**YOUR OBJECTIVE**
Keep the pictures out of the copy and print all the entries below exactly.
[[ SUPPLIED RECORDS, beginning ]]
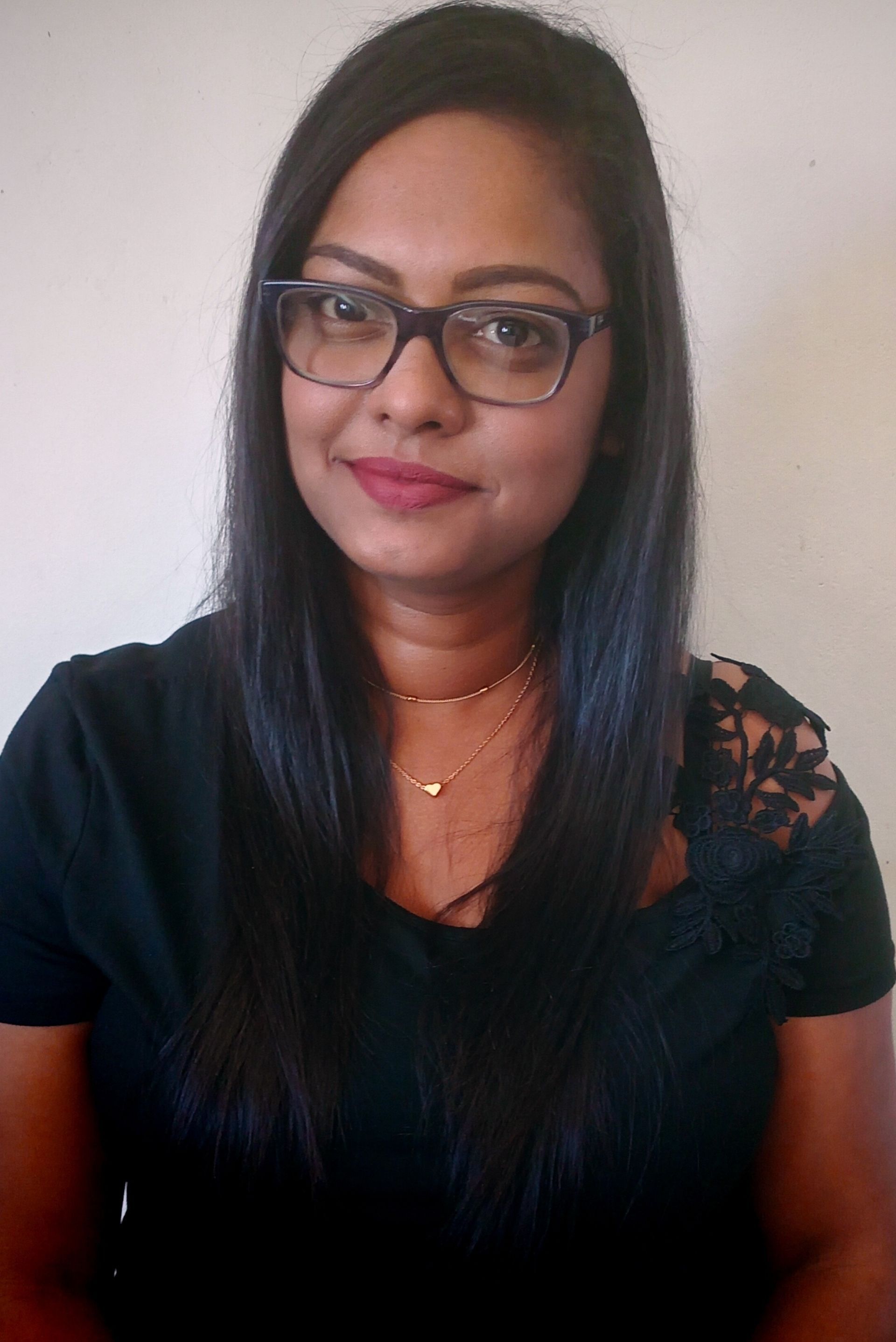 Pavlova Maharaj - woman wearing black top. 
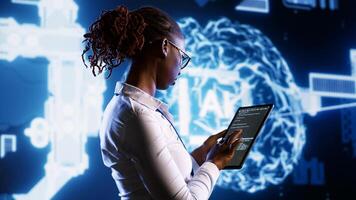 IT specialist updating AI systems, writing intricate binary code scripts on tablet, visualizing result wth AR. Licensed employee using programming to upgrade artificial intelligence simulation model photo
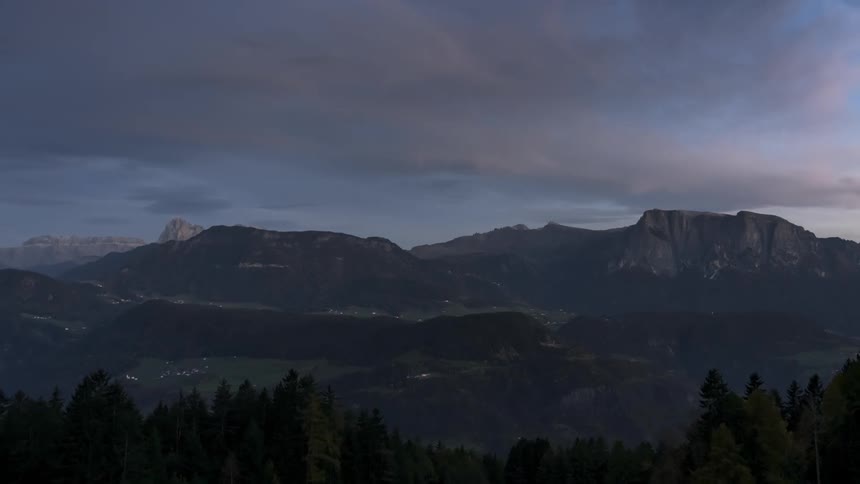A tall mountain range is at the end of the valley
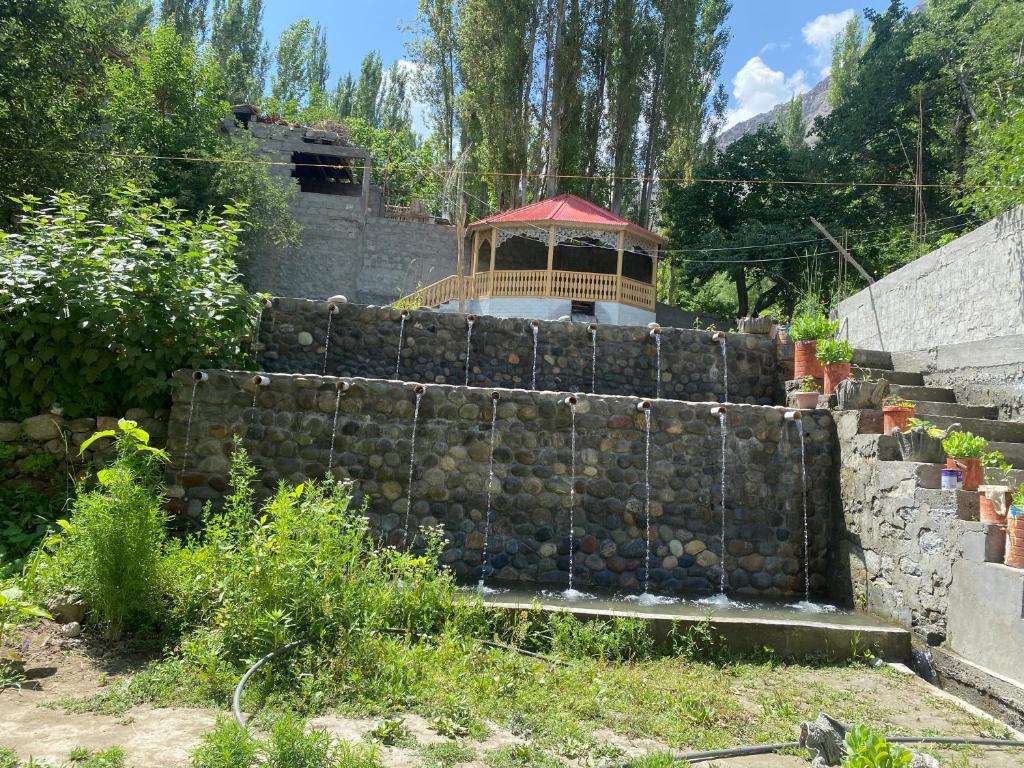 a stone retaining wall with a gazebo on top at Brookfall resort khaplu in Khaplu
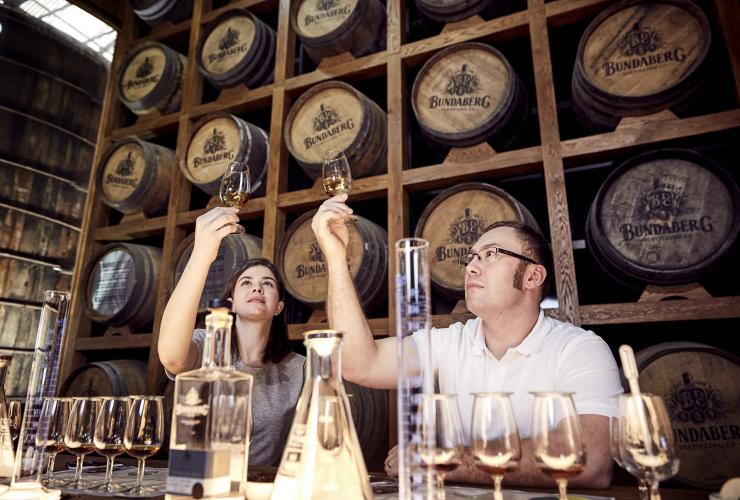 Ein Mann und eine Frau schauen in mit Rum gefüllte Gläser, die sie während einer Blend Your Own Rum Experience in der Bundaberg Rum Distillery gegen das Licht halten, Bundaberg, Queensland © Bundaberg Rum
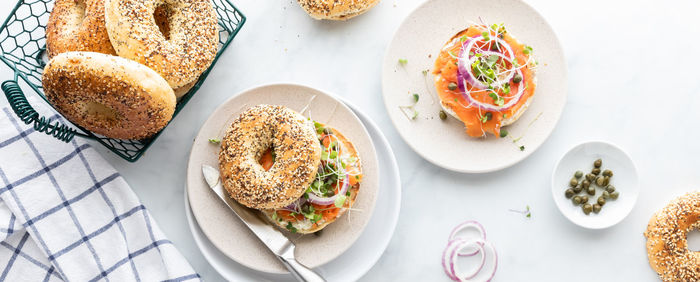 Narrow view of everything bagels with cream cheese, smoked salmon lox, topped with capers.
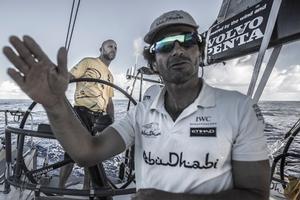 Leg six Newport onboard Abu Dhabi Ocean Racing. Day five. Roberto Bermudez 'Chuny' gives wind input to Ian Walker at the helm in the morning as they try to catch up to the rest of the fleet in light winds. - Volvo Ocean Race 2015 photo copyright Matt Knighton/Abu Dhabi Ocean Racing taken at  and featuring the  class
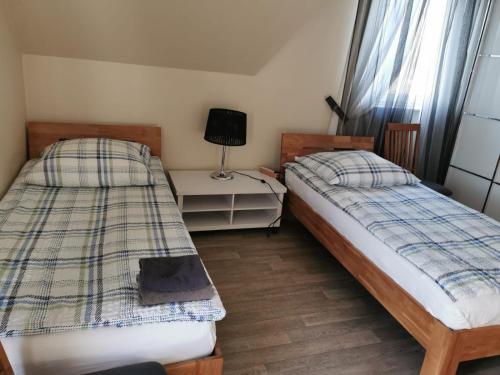 a bedroom with two beds and a table with a lamp at Gästehaus Sol Tour in Ahrensfelde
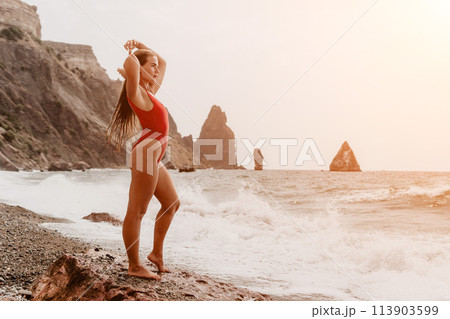 Woman summer travel sea. Happy tourist in red bikini enjoy taking picture outdoors for memories. Woman traveler posing on beach at sea surrounded by volcanic mountains, sharing travel adventure joy Woman summer travel sea. Happy tourist in red bikini enjoy taking picture outdoors for memories. Woman traveler posing on beach at sea surrounded by volcanic mountains, sharing travel adventure joy 113903599
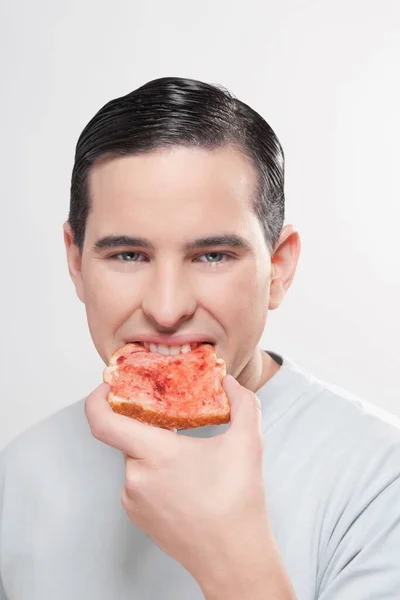 Junger Mann Isst Pizza Mit Rotem Pfeffer Auf Weißem Hintergrund — Stockfoto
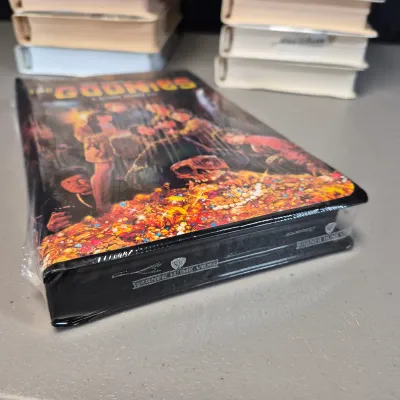LOT 27B: Vintage VHS Clamshell Collection with Sealed "The Goonies" Movie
[[ SUPPLIED RECORDS, end ]]
**RESULT OF THIS TASK**
 Pavlova Maharaj - woman wearing black top. 
 IT specialist updating AI systems, writing intricate binary code scripts on tablet, visualizing result wth AR. Licensed employee using programming to upgrade artificial intelligence simulation model photo
A tall mountain range is at the end of the valley
 a stone retaining wall with a gazebo on top at Brookfall resort khaplu in Khaplu
 Ein Mann und eine Frau schauen in mit Rum gefüllte Gläser, die sie während einer Blend Your Own Rum Experience in der Bundaberg Rum Distillery gegen das Licht halten, Bundaberg, Queensland © Bundaberg Rum
 Narrow view of everything bagels with cream cheese, smoked salmon lox, topped with capers.
 Leg six Newport onboard Abu Dhabi Ocean Racing. Day five. Roberto Bermudez 'Chuny' gives wind input to Ian Walker at the helm in the morning as they try to catch up to the rest of the fleet in light winds. - Volvo Ocean Race 2015 photo copyright Matt Knighton/Abu Dhabi Ocean Racing taken at  and featuring the  class
 a bedroom with two beds and a table with a lamp at Gästehaus Sol Tour in Ahrensfelde
 Woman summer travel sea. Happy tourist in red bikini enjoy taking picture outdoors for memories. Woman traveler posing on beach at sea surrounded by volcanic mountains, sharing travel adventure joy Woman summer travel sea. Happy tourist in red bikini enjoy taking picture outdoors for memories. Woman traveler posing on beach at sea surrounded by volcanic mountains, sharing travel adventure joy 113903599
 Junger Mann Isst Pizza Mit Rotem Pfeffer Auf Weißem Hintergrund — Stockfoto
LOT 27B: Vintage VHS Clamshell Collection with Sealed "The Goonies" Movie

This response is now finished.